Data section Start Marker
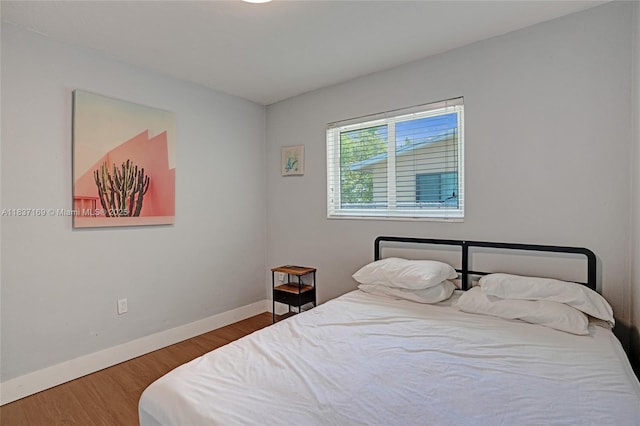 16000 N Miami Ave, Miami, FL 33169 - bedroom featuring baseboards and wood finished floors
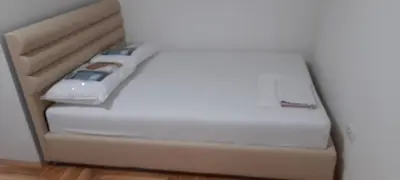 a bed in a room with a white mattress at Apartment Luka in Podgorica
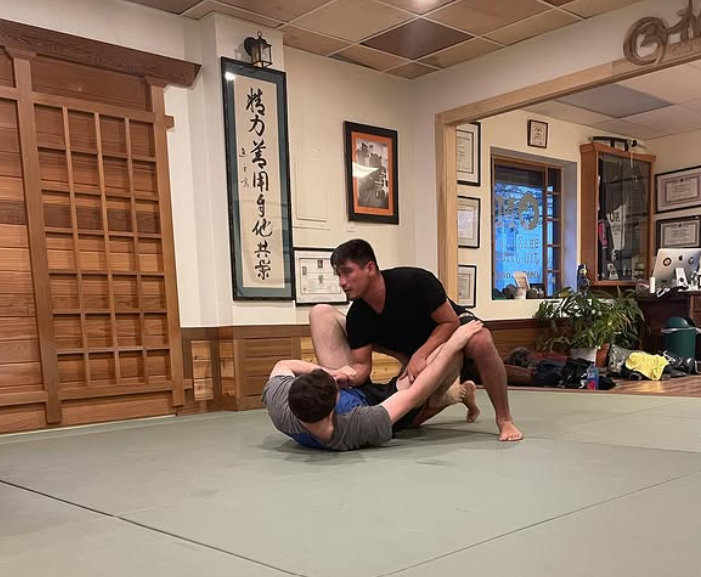 Adults drilling Brazilian Jiu-Jitsu technique at OM Brazilian Jiu JItsu & Judo in Northport, NY for energy and focus.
Data section End Marker
Skip the pictures and copy exactly the lines from the one containing "a bed in a room" through the end of the material, both ends included.

 a bed in a room with a white mattress at Apartment Luka in Podgorica
 Adults drilling Brazilian Jiu-Jitsu technique at OM Brazilian Jiu JItsu & Judo in Northport, NY for energy and focus.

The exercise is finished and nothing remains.